The Campaign to Drive ISIS from MOSUL, IRAQ
The devastation is horrific. What was “home” to centuries of Iraqi Christian, Yezidis, Kaka’i and Shebak minorities as well as Muslims has been reduced to burned out buildings, desecrated churches and convents, as well as rampaged and bullet ridden residence and businesses. What was once a thriving and integrated Iraqi community on the Nineveh plain is a place ravaged by the unspeakable atrocities of the so-called “Islamic State.” As they anxiously wait for the outcome of the campaign to drive out ISIS from northern Iraq, I cannot imagine the sadness and desolation of the hundreds of thousands of Iraqi refugees who ISIS drove from Mosul and the surrounding villages in order to establish their caliphate there.

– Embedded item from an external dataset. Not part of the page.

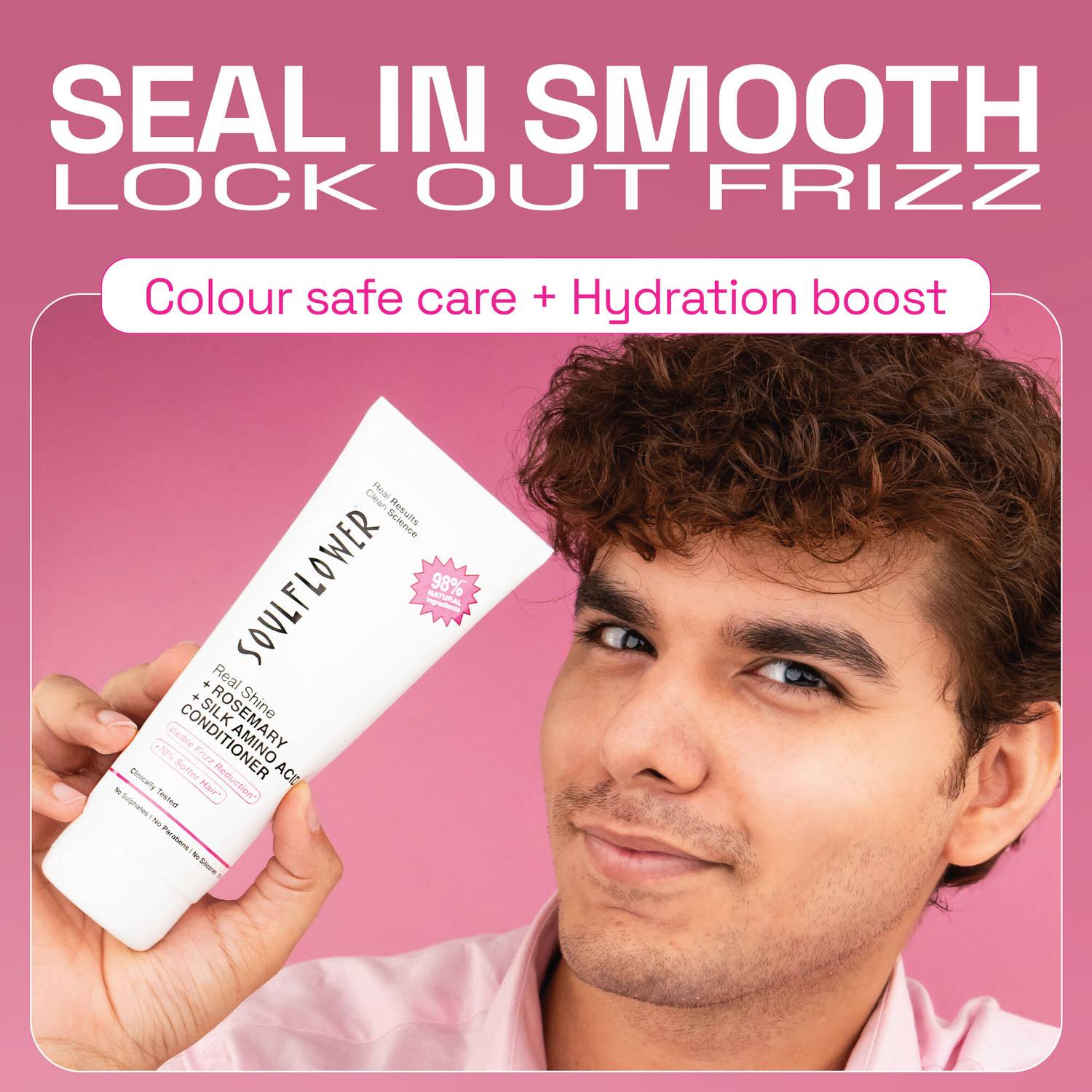 Soulflower Rosemary Argan Conditioner 200ml - Image 3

Since my first trip to Iraq in 1999, my most recent in 2015, and throughout other visits to Syria, Jordan and Lebanon, my heart has been seared in solidarity for the people of this part of the world. The contribution of Arabs and Kurds to global civilization is legend—astronomy, mathematics, engineering, language, art, music, religion, as well as a deeply defining culture of hospitality and generosity to visitors. Even now, in the midst of on-going conflicts and massive displacements of people across the region, the warmth, welcome and generosity of the people bespeaks their integrity and stature among other global cultures. Although the modern media often reduces the Middle East as a fractious and dangerous part of the world, the long history of living with diversity of culture, beliefs and language remains strength of the people of this region and I pray that it will soon take root again in the soil of a sustainable peace.

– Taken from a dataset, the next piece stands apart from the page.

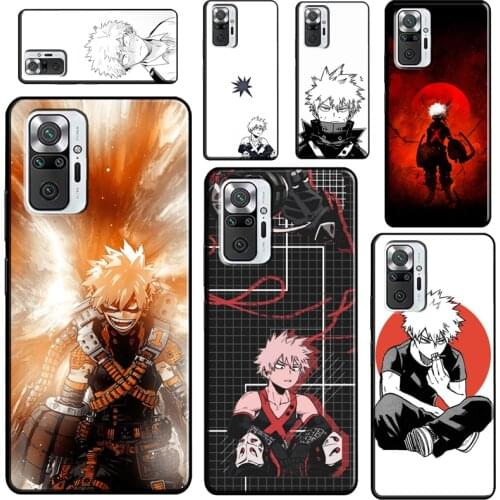 Bakugo Boku no My Hero Academia For Xiaomi Redmi Note 9S 8T Note 7 8 9 10 Pro Soft Case For Redmi 9T 9A 9C K40 Pro Cover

The days, months and years ahead for the people of northern Iraq will be challenging and full of the desolation of war-refugees. How will they find the strength and resolve to begin again? How will the ethnic and religious minorities find assurance of their protection and their human rights? How will countries like ours regard our responsibilities toward Iraq in light of the many missteps in initiating a war that unleashed the conditions for the chaos that has followed? How can our nation continue the policy of limiting refugees’ resettlement from this region given our culpability for these massive migrations?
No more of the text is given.